Falamos de uma doença crónica, que não se confunde com o cansaço normal, nem com as dores próprias
da idade. Falamos de dor persistente, fadiga incapacitante, um sono que não é recuperador, dificuldades de
concentração e limitações que condicionam a vida laboral, a família e toda a atividade de vida das pessoas com
esta doença. Falamos de pessoas que, mesmo depois do diagnóstico, quando o conseguem, continuam sem
ser avaliadas com justiça e sem acesso a respostas de políticas públicas adequadas.
O Chega apresentou nesta legislatura a primeira iniciativa específica sobre fibromialgia. O nosso projeto de
resolução responde ao essencial destas duas petições: reconhecer formalmente a fibromialgia como uma
doença crónica, atualizar a Tabela Nacional de Incapacidades e a Tabela Nacional de Funcionalidade, e reforçar
a formação especializada dos profissionais de saúde. Nenhum doente deve depender da maior ou menor
sensibilidade dos profissionais com que contacta, tem de ter uma avaliação individual, funcional e clinicamente
fundamentada. Há doentes que conseguem trabalhar com adaptações, mas há outros que enfrentam limitações
demasiado severas, que não lhes permitem a mesma vida.
Há contributos muito importantes nos vários projetos em discussão, mas para estes doentes o que conta é
ter um diagnóstico, ser bem avaliados numa junta médica, ter adaptações no trabalho quando precisam e
encontrar profissionais preparados que reconheçam a doença e os saibam acompanhar.
Hoje, esta Assembleia tem a oportunidade de assumir um compromisso: levar a fibromialgia a sério nas
consultas, nas juntas médicas, no trabalho e nas decisões públicas. É esse o compromisso que o Chega pede
a este Parlamento.
Aplausos do CH.
O Sr. Presidente (Marcos Perestrello): — Tem a palavra, para uma intervenção, o Sr. Deputado Filipe Sousa,
do JPP.
O Sr. Filipe Sousa (JPP): — Sr. Presidente, Sr.as e Srs. Deputados: Começo por cumprimentar os signatários
das petições ora em discussão.
Falamos hoje de milhares de portugueses que vivem todos os dias com dor persistente, fadiga extrema,
incompreensão social e, demasiadas vezes, abandono institucional. Falamos de pessoas com fibromialgia, uma
doença real, uma doença incapacitante em muitos casos. Uma doença que continua, infelizmente, a ser
desvalorizada por falta de conhecimento, por ausência de respostas adequadas e por uma cultura administrativa
que continua, demasiadas vezes, a exigir provas invisíveis a quem diariamente vive em sofrimento e com um
sofrimento bem concreto.
Existe uma norma da Direção-Geral da Saúde, desde 2016, mas a verdade é que continuam a chegar até
nós relatos de atrasos de diagnóstico, dificuldades no acesso a cuidados diferenciados, falta de uniformidade
nas juntas médicas e discriminação no contexto laboral.
É precisamente por isso que o JPP traz hoje esta iniciativa. Não estamos aqui para defender automatismos
nem privilégios, estamos aqui para exigir justiça, avaliação séria e dignidade no tratamento destas pessoas.

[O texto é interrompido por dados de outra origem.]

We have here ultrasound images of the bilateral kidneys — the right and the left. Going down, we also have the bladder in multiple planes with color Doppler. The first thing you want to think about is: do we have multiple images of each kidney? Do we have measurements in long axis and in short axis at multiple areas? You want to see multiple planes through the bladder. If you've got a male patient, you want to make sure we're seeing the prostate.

Queremos saber se a norma está, efetivamente, a ser aplicada, queremos equipas multidisciplinares
preparadas, queremos formação para profissionais de saúde e juntas médicas e queremos critérios de avaliação
funcional que olhem para a realidade da vida das pessoas e não apenas para os exames complementares.

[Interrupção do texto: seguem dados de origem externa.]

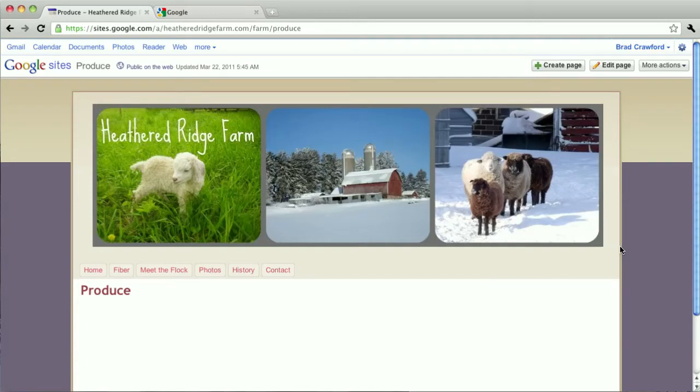So it will sometimes happen that you create a new page, like you can see this produce page here, a new blank page, but it doesn't get added to the menu or the menu bar as you would expect. And the reason that's happening is that it's just not automatically set up to do so. So what we need to do is go in and add it ourselves.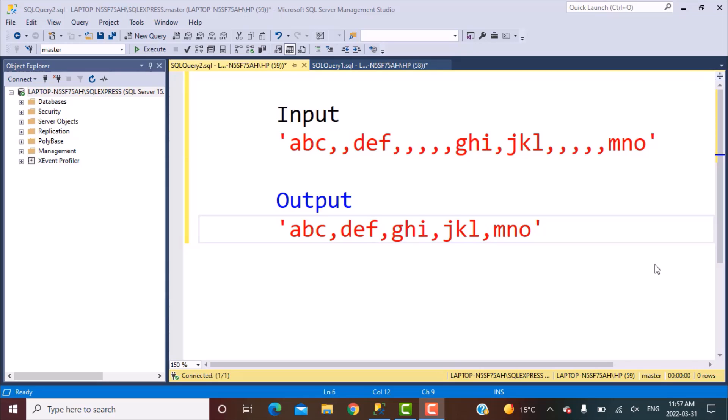Hello everyone and welcome to another SQL query training session with Learn at Nostar. In today's session we are going to discuss a tricky SQL query that is used in many SQL interviews.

Quem vive com fibromialgia não precisa de desconfiança do Estado; precisa, acima de tudo, de
acompanhamento, de respeito e de respostas humanas, e uma sociedade decente mede-se pela forma como
trata quem vive com maior fragilidade. Não podemos aceitar que milhares de portugueses continuem presos
entre a dor, a burocracia e a indiferença.